Inconsistent exercise. I have attempted to exercise every month for years, but I have trouble sticking with it every day. I think the problem is that I read somewhere that you couldn't exercise the same muscle groups every day… that exercised muscles need a day or two of rest. So I tried to exercise different muscles on different days and take one day to rest completely. Problem with that is, I would forget to go back to those exercises after that rest day.
Discomfort. Another problem with exercise is that my body seems to be really sensitive to discomfort and usually complains so much that I have to stop whatever I was trying to do. And it seems to complain a lot when I'm trying to exercise.
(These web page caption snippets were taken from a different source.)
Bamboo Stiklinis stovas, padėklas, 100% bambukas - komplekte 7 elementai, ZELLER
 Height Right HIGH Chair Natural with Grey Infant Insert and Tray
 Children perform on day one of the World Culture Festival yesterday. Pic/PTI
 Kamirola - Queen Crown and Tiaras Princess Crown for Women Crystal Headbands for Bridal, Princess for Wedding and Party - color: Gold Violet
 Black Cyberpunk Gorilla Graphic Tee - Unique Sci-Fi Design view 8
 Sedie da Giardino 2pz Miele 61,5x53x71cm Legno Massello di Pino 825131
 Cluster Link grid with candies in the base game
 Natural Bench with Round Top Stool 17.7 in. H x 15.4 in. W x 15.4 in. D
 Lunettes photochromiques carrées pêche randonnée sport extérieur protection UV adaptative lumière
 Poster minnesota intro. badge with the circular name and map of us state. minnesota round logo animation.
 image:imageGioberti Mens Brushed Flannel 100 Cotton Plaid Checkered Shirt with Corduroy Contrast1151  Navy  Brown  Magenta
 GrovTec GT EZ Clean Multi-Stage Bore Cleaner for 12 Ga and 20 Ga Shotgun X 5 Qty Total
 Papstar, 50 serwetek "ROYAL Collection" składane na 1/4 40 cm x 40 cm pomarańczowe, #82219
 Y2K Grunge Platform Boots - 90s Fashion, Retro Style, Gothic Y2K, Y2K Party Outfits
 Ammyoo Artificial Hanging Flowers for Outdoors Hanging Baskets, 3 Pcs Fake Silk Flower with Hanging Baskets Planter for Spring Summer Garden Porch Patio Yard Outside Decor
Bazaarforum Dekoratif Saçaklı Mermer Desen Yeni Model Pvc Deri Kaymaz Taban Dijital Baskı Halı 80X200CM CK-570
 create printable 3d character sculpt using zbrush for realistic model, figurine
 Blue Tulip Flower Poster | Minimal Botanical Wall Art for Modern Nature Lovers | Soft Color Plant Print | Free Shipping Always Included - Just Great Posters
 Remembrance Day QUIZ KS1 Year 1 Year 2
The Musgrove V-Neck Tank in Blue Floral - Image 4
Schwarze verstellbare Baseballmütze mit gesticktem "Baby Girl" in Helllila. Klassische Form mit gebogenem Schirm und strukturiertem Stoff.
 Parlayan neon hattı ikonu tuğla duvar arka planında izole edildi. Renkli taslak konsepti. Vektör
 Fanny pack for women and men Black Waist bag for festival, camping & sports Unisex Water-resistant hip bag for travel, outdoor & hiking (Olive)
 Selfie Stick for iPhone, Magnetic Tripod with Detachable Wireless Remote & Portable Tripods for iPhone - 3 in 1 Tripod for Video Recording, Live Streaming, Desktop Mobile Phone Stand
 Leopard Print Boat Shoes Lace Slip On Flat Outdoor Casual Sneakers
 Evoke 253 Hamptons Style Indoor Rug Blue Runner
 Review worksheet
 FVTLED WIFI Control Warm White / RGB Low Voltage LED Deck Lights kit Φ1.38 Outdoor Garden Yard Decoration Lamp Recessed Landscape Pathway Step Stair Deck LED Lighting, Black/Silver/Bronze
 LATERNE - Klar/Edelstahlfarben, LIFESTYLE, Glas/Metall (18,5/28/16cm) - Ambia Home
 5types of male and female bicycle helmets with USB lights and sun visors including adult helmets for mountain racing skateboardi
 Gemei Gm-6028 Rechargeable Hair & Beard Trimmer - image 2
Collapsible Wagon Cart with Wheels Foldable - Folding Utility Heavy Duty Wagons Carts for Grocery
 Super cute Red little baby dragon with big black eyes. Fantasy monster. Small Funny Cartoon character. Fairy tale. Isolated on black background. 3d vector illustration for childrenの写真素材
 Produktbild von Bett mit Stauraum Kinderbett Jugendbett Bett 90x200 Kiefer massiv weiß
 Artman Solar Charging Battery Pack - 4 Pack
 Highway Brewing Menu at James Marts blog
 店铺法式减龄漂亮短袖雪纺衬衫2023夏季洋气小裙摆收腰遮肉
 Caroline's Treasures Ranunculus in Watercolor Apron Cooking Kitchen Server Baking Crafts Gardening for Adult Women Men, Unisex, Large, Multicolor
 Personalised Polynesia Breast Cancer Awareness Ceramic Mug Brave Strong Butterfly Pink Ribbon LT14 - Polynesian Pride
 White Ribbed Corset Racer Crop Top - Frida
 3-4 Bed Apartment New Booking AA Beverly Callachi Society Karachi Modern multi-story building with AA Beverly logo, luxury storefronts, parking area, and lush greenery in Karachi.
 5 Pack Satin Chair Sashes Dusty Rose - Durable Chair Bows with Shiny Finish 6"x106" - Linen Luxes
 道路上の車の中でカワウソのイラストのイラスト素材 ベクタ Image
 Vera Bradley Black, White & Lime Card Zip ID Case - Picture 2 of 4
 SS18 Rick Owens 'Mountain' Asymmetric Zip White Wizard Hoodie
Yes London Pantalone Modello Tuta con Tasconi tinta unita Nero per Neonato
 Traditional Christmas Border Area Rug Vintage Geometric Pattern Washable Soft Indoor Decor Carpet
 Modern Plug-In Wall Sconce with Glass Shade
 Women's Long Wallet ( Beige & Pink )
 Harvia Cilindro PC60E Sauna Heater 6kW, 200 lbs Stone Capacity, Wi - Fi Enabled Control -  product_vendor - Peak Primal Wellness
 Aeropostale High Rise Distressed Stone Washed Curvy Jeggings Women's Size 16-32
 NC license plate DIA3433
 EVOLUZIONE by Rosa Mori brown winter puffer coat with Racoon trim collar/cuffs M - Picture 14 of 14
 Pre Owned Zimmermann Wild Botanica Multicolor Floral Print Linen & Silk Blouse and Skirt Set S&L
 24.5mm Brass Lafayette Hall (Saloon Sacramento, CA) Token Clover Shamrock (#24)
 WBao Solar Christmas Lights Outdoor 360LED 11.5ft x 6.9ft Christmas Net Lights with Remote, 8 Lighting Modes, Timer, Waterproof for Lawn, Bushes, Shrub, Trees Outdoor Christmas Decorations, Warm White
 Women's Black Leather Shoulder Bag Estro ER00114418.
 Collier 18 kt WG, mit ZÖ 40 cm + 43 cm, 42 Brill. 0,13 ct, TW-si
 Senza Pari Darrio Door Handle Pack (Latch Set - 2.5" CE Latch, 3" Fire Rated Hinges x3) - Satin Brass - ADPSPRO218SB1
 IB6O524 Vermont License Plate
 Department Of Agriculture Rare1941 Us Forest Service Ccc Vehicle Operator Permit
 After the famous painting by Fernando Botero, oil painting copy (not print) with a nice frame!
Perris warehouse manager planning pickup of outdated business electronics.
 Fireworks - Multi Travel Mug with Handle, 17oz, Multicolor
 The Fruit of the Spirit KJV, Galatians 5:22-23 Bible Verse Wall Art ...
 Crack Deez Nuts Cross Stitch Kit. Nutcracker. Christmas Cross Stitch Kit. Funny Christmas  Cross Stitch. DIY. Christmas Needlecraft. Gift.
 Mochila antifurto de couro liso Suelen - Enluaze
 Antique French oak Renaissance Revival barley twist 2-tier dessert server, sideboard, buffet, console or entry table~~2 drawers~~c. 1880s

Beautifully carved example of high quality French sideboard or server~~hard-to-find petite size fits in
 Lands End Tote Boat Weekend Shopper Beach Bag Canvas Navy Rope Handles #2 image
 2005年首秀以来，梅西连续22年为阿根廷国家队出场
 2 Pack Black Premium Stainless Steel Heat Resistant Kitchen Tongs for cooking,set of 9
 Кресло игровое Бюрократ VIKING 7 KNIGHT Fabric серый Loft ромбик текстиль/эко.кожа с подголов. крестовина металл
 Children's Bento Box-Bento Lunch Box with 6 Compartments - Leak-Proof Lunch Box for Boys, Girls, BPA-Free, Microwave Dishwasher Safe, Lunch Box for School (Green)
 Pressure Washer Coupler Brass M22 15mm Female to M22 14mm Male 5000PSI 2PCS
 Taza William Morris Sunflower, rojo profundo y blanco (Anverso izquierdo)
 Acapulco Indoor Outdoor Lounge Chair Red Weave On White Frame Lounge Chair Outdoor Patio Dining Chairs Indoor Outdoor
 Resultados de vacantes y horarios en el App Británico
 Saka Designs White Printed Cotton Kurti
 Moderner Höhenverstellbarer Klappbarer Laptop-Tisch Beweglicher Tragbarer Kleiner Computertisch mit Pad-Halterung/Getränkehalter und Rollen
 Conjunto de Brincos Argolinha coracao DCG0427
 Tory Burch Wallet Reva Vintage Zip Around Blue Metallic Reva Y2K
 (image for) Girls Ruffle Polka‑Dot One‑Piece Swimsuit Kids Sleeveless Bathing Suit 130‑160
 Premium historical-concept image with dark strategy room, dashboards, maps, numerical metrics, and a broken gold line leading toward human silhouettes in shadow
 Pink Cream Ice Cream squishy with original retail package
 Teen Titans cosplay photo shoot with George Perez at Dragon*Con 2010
Winter. I love to walk outdoors and usually walk a few miles a day, but this seems to stop in the winter. It can get really cold here and we often get icy sidewalks. I've tried indoor walking, but it tends to get boring if you're aiming for at least a mile. So, what am I to do?
The scale. I usually weigh myself no more than once a week. Sometimes I forget for weeks or even a month. But nothing really changes. I seem to be stuck between two numbers (not going above a certain number and not going below a certain number). I keep hoping to get below a certain number, but I don't think it will happen this year.
I know what I have to do to be healthy and lose weight, but first I have to overcome these issues once and for all. I am hoping, by this time next year, that I'll be in control of these things and have better numbers.